» **Task**: How many lines in the entries below include the word "concept"? Respond with the number only.

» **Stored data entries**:
-- -- --
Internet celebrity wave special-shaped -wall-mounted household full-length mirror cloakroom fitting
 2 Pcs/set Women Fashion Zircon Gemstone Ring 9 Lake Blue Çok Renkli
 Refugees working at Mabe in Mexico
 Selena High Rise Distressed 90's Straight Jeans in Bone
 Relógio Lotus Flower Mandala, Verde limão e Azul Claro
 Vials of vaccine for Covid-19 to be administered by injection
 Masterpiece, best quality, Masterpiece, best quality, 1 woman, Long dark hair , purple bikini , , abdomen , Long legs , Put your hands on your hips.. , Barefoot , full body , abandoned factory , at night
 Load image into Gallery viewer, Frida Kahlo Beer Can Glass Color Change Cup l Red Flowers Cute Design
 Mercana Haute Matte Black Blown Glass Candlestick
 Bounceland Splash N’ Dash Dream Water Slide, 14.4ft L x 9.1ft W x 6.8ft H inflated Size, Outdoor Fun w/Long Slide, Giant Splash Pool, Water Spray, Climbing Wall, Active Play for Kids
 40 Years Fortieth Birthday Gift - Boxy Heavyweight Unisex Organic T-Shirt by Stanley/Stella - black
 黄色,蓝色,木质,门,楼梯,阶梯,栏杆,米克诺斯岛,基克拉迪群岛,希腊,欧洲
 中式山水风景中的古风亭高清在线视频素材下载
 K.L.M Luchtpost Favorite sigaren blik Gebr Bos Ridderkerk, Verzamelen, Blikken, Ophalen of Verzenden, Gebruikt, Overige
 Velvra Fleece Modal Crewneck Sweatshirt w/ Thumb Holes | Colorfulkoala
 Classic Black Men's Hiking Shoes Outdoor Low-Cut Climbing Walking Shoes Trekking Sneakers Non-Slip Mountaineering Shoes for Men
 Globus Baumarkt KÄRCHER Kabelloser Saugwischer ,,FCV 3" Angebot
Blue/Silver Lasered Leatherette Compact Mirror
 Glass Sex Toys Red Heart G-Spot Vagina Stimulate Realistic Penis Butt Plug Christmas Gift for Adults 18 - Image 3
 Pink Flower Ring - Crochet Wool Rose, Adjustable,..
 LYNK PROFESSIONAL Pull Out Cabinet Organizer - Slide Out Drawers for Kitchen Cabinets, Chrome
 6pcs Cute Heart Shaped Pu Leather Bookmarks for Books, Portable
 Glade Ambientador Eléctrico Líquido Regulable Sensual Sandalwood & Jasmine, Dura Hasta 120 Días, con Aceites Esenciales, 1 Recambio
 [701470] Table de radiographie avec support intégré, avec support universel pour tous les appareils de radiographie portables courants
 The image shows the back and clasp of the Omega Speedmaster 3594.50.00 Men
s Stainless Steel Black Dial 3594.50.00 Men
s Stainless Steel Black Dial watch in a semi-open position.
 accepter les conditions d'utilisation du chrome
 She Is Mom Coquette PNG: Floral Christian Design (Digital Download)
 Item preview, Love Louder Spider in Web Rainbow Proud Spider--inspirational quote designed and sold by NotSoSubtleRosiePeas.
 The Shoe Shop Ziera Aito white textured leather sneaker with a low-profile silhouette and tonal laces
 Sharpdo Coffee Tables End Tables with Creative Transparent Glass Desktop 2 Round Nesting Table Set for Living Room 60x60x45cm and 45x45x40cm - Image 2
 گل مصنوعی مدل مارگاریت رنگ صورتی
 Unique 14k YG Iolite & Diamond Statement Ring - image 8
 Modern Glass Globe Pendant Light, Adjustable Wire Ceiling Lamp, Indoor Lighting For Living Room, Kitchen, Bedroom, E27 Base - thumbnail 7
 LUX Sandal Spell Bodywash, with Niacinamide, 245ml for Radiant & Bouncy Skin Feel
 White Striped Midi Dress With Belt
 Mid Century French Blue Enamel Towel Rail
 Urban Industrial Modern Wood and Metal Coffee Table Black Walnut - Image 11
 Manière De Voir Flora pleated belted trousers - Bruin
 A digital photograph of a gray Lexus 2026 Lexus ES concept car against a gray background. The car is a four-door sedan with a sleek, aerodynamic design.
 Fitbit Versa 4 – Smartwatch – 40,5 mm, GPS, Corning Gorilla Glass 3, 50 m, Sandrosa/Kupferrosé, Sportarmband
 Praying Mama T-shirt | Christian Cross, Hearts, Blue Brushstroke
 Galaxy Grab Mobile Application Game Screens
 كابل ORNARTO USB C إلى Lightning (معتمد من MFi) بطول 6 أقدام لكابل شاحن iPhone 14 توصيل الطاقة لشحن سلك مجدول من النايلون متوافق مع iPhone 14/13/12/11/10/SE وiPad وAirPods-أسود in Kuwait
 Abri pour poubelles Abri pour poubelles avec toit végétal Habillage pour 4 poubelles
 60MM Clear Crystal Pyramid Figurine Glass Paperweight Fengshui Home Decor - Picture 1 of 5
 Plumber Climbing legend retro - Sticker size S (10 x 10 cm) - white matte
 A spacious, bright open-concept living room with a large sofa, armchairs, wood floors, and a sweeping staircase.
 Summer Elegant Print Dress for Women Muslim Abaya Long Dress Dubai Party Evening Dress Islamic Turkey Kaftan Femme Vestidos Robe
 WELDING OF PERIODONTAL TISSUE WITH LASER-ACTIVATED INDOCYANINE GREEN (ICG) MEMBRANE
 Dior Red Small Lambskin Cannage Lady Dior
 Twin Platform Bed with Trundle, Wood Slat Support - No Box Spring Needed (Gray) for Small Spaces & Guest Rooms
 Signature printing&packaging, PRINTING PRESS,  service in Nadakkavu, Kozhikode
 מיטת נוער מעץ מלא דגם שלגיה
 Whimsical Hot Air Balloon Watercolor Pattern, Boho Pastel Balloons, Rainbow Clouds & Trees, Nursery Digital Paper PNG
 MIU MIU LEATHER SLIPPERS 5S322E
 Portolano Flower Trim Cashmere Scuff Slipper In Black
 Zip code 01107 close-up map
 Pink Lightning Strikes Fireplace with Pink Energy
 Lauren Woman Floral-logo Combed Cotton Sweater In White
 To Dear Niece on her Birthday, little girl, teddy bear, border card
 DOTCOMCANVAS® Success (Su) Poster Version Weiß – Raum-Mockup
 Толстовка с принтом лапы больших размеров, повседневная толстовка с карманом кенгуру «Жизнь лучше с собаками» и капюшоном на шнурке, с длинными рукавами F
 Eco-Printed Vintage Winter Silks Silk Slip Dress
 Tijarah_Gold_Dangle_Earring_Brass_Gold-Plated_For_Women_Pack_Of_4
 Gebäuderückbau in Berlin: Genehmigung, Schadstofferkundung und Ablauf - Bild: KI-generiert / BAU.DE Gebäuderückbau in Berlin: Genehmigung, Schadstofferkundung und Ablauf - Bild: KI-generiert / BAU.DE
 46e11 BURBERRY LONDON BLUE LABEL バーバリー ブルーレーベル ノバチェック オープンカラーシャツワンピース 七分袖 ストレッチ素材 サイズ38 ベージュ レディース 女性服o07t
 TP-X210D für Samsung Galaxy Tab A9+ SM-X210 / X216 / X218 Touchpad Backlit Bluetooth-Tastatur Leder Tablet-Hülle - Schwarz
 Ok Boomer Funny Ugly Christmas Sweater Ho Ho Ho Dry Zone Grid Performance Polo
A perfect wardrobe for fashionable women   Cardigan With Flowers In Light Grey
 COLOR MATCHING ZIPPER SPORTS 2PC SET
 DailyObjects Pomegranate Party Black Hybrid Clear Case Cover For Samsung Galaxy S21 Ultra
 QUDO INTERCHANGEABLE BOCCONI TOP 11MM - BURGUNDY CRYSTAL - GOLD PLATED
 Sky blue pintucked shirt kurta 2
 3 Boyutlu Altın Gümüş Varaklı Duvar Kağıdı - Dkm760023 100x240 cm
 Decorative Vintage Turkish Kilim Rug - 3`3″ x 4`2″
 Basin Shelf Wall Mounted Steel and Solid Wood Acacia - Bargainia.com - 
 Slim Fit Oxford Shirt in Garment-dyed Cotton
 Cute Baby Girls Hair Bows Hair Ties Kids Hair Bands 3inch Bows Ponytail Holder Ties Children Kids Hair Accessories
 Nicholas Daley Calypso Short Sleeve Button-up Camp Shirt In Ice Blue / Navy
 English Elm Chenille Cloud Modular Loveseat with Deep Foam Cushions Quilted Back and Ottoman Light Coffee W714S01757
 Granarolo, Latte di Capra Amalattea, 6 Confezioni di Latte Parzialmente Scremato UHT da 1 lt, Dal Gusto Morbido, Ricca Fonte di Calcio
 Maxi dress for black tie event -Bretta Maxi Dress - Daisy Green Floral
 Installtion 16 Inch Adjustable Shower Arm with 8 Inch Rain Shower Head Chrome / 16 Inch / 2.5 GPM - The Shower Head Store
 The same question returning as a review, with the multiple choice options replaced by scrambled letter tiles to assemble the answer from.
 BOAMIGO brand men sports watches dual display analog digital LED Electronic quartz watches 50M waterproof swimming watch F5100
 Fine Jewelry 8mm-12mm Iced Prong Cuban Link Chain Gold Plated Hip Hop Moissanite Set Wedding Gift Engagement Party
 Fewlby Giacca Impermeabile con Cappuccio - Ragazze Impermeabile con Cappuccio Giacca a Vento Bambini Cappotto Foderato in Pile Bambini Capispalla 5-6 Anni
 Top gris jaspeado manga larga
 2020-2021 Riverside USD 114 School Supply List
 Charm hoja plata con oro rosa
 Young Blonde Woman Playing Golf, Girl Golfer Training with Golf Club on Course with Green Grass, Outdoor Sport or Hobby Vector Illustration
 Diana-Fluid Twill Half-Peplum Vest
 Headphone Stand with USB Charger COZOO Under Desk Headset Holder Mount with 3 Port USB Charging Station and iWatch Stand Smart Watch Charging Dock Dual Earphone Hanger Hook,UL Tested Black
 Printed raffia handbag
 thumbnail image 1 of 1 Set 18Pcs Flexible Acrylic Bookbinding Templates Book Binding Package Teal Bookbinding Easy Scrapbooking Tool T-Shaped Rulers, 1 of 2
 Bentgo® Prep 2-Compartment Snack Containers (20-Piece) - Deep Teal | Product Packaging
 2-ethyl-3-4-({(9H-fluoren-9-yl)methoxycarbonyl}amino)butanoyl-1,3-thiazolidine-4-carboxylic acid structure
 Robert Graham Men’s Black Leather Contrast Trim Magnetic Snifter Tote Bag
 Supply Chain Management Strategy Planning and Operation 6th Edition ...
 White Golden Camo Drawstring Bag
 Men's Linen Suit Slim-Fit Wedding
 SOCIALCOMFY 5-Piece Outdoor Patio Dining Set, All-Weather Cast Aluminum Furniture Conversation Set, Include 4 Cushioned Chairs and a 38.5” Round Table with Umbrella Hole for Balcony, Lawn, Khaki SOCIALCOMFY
-- -- --
» **Answer area**: 2